Too many have let their passions overwhelm them to the point where they are more comfortable embracing contempt than existing in an ecosystem of independent perspectives. A state of moral relativity now reigns, and values no longer have absolute meaning. Something as fundamental as free speech, for example, oscillates depending on what is being said and who’s saying it.
People mistake commitment to a cause as justification to fight. It’s been my experience that the most successful causes were more figurative fights and less literal ones.
When you cast your vote this month (if you haven’t already done so), take a look at that paper ballot. I lobbied that ballot into existence. Nineteen years ago, some very powerful elected officials in Connecticut (some of whom are still in office) wanted to have touch screen voting machines with no mechanisms for a bona fide recount. I pitched the need for a voter verified paper ballot to just about every single state legislator, Republican and Democrat, in the Capitol. I didn’t preach, deceive, belittle, flatter, bully, bribe, frighten, cajole or coax to get that bill passed. I merely asked that in the event of an electoral recount, wouldn’t you want something solid like a paper ballot to be counted?

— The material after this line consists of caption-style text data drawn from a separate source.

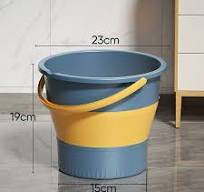 Jpxdew Collapsible Outdoor Water Bucket,3.5L Foldable Fishing/Car Wash  Pail,-4°F to 212°F Temperature Resistant,Hanging Hole Portable Storage ...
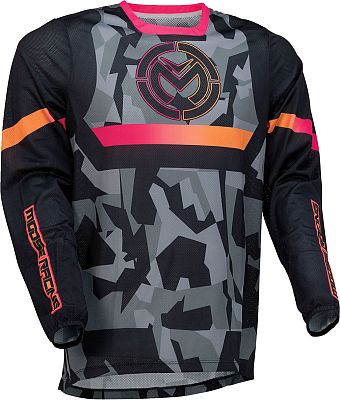 Moose Offroad Sahara, Trikot - Schwarz/Orange/Grau - XXL von Moose Offroad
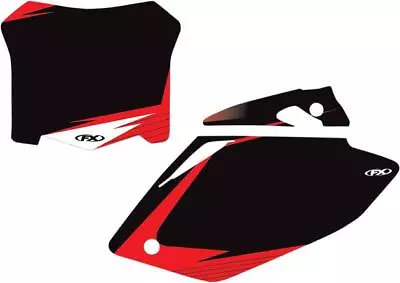 Factory Effex Pre-Cut Graphic Number Plate Background Black Honda CRF450R 2007 • $42.55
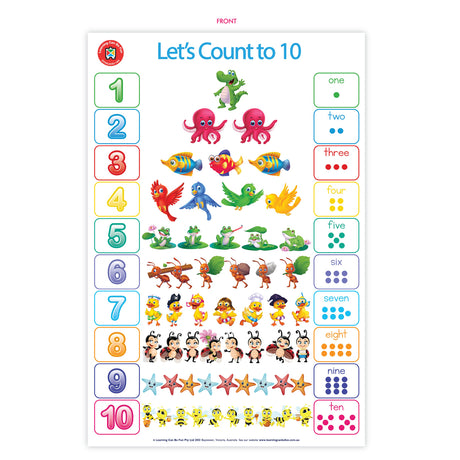 LCBF Wall Chart Lets Count To Ten Poster - Cafe Supply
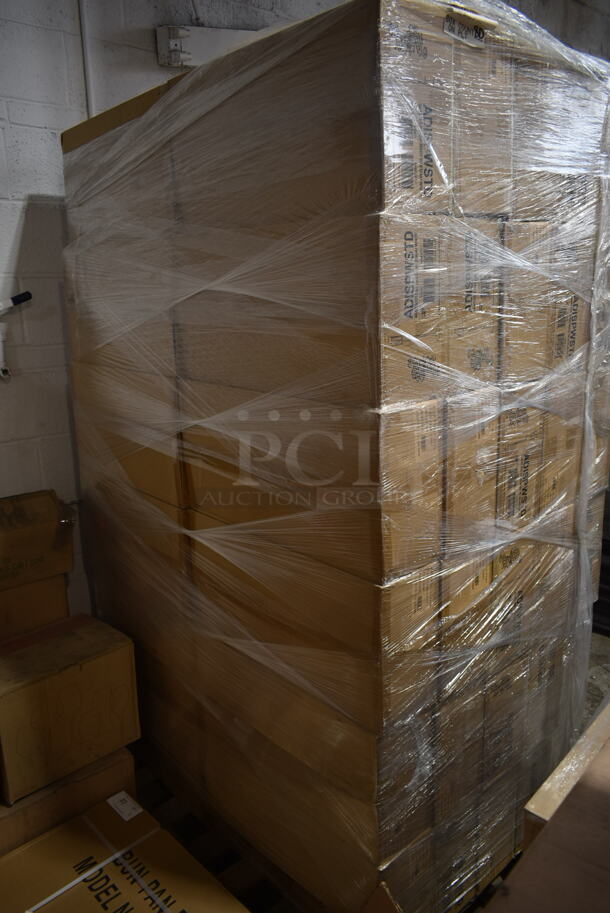 PALLET LOT of 60 BRAND NEW IN BOX! Service Ideas ADISPWSTD 27 oz Gel Soap and Hand Sanitizer Dispenser w/ Floor Stand - 53"H, White. 60 Times Your Bid! - Image 6 of 7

Evidently, they agreed. The state House and Senate passed Senate Bill 55 unanimously, and Gov. Jodi Rell signed it into law.
Not everything I advocated was met with universal approval. A lot of those “yes” votes on that bill were hard “nos” on others. But there was always a polite exchange of thoughts and ideas, and one conversation paved the way for another. A little manners go a long way when trying to invoke change.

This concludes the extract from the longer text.